- [TASK INPUTS]:

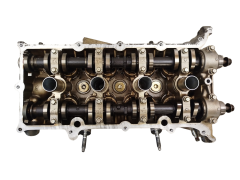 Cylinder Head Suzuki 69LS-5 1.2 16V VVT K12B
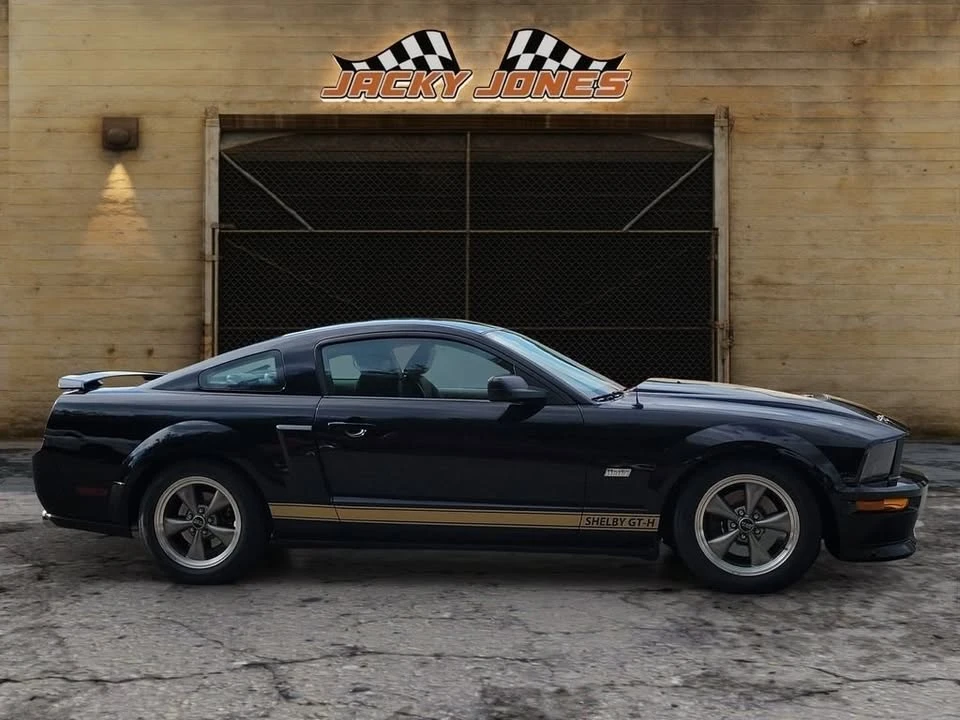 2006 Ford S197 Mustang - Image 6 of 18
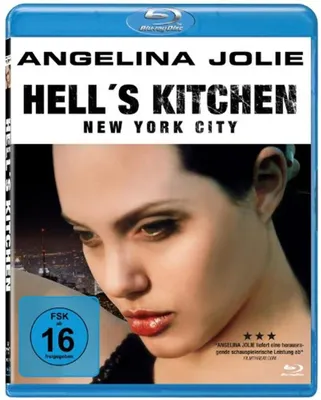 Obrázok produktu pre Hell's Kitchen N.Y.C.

---

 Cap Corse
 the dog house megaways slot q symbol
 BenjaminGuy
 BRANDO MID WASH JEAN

- [YOUR OBJECTIVE]:
Range to copy from the listing above: the line containing "Cylinder Head Suzuki 69LS-5 1.2 16V VVT K12B" down to the line containing "Obrázok produktu pre Hell's Kitchen N.Y.C.", both included. Reproduce it exactly, minus the pictures, and add nothing.

- [REPLY]:
 Cylinder Head Suzuki 69LS-5 1.2 16V VVT K12B
 2006 Ford S197 Mustang - Image 6 of 18
 Obrázok produktu pre Hell's Kitchen N.Y.C.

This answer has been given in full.